**Your assignment**
Without pictures, repeat the lines of the entries from the one containing "Used Volkswagen Viloran" through the last, both ends included, and nothing else.
>>>
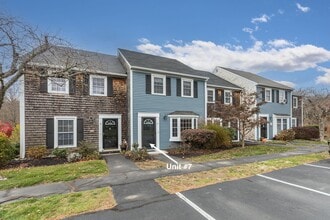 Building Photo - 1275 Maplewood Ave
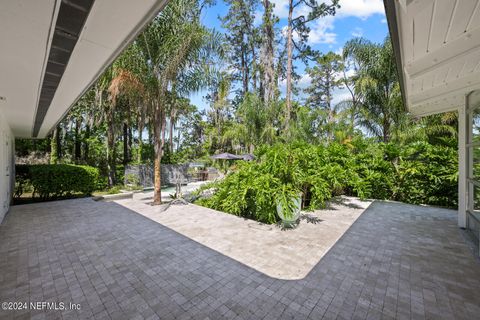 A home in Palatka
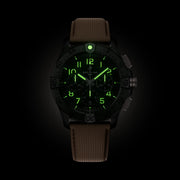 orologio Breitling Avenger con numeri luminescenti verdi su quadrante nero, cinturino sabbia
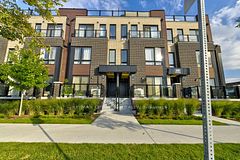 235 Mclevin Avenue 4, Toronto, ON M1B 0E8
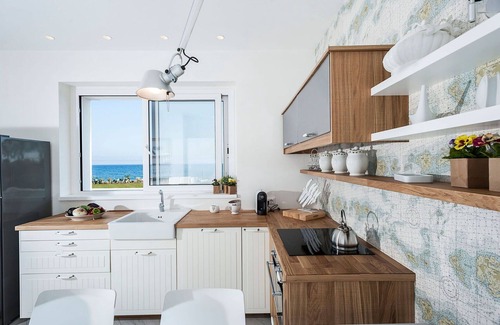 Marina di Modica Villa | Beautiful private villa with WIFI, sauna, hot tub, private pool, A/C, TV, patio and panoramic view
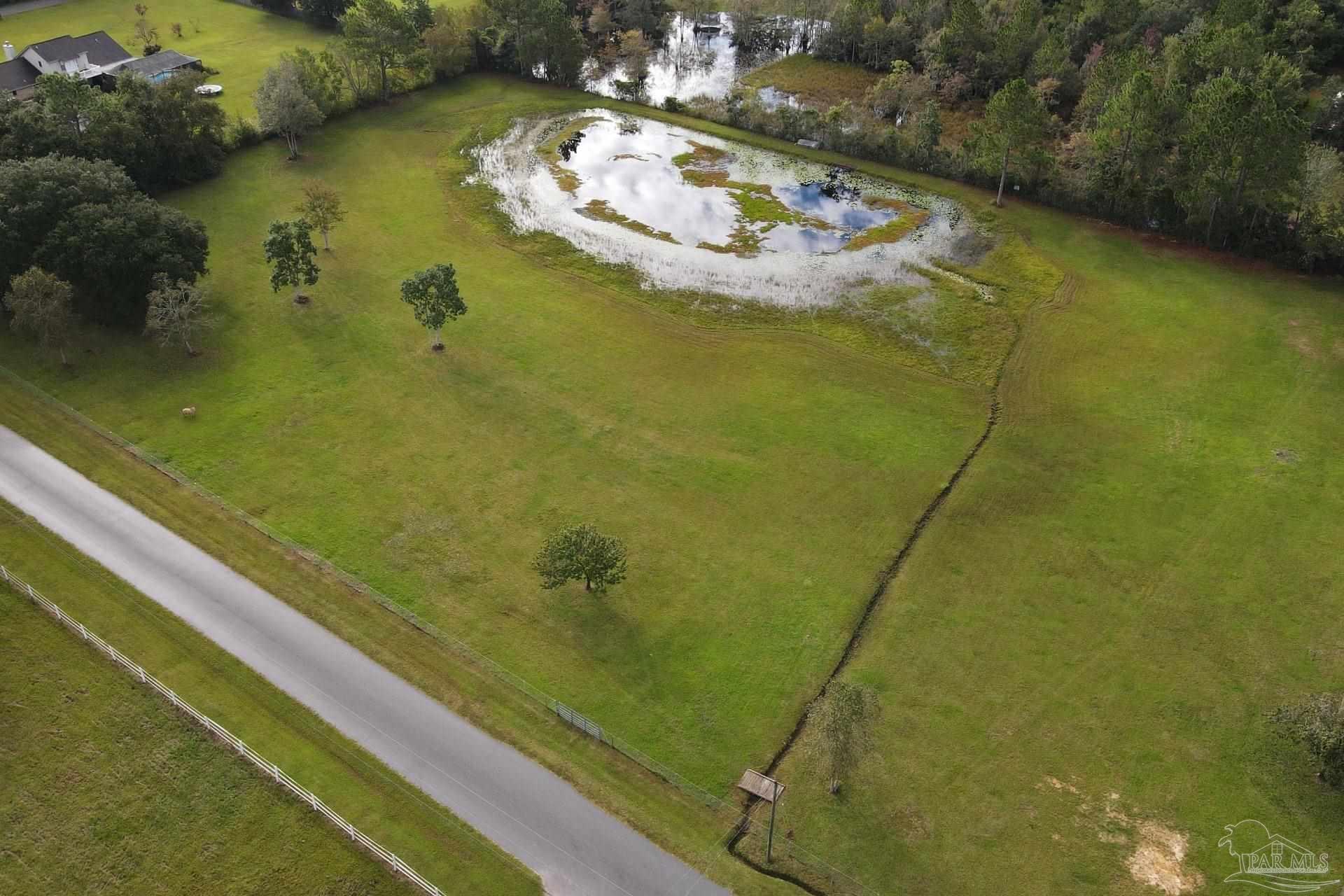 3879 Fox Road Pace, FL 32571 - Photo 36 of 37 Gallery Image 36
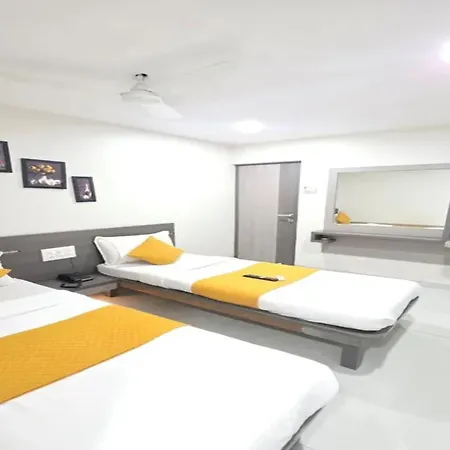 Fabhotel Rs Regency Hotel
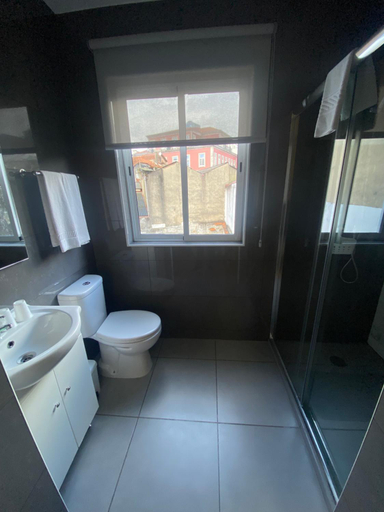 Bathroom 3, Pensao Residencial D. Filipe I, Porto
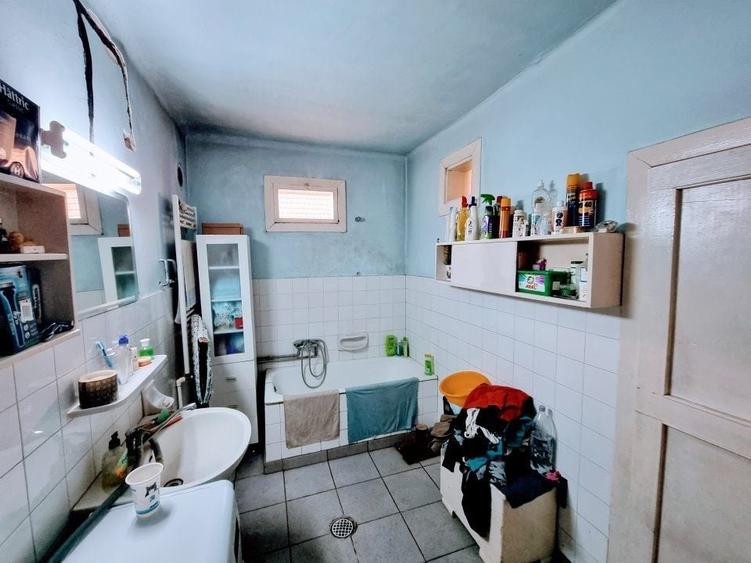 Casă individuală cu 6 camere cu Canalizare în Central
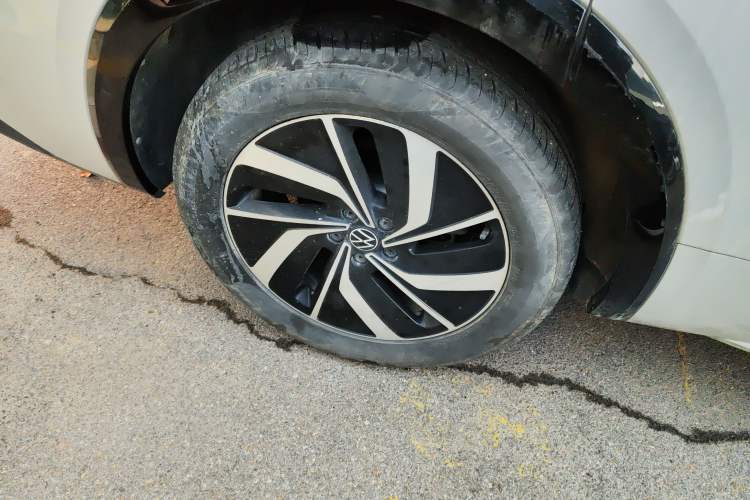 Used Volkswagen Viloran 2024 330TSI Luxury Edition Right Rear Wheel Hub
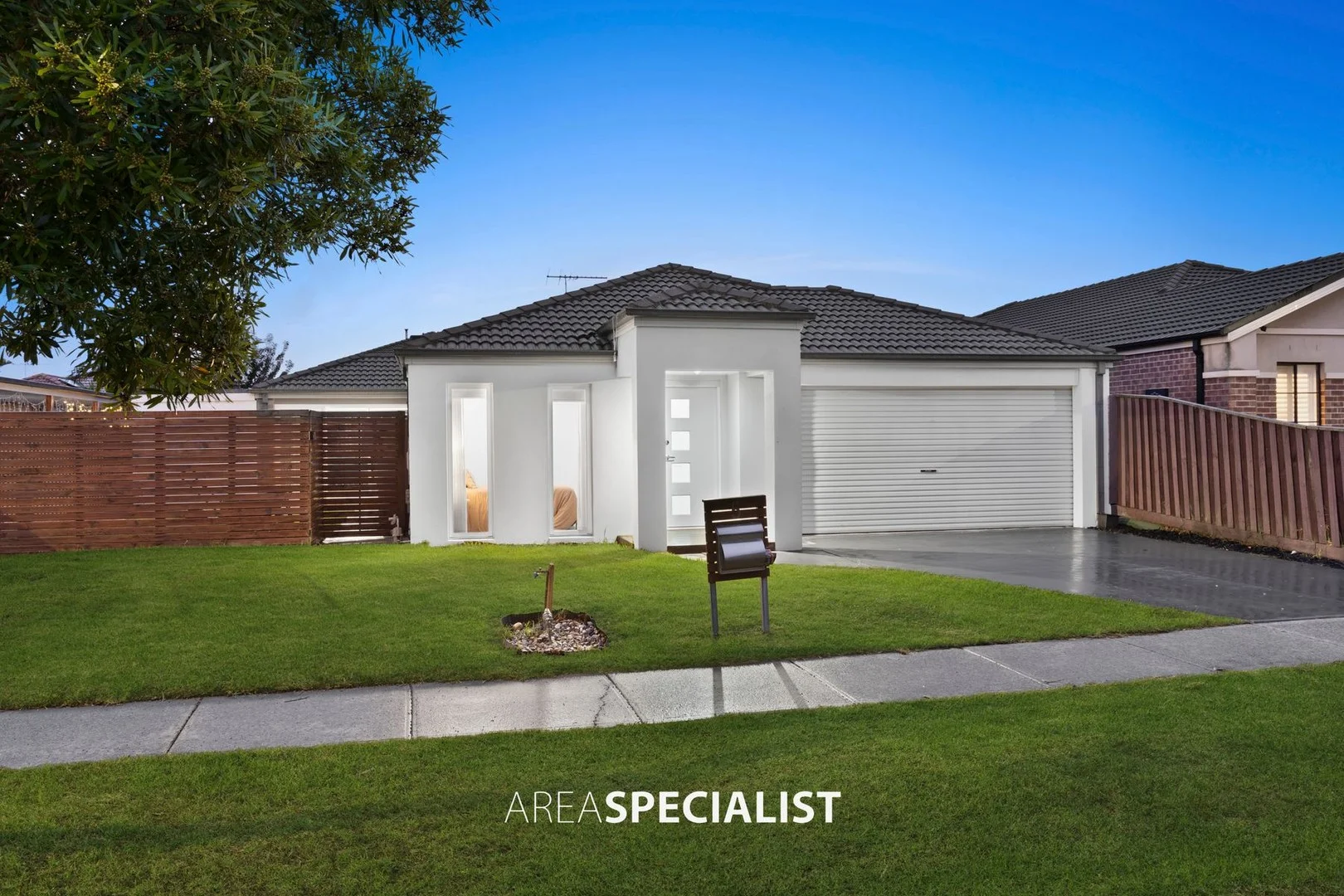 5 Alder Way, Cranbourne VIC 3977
<<<
**The completed task**
 Used Volkswagen Viloran 2024 330TSI Luxury Edition Right Rear Wheel Hub
 5 Alder Way, Cranbourne VIC 3977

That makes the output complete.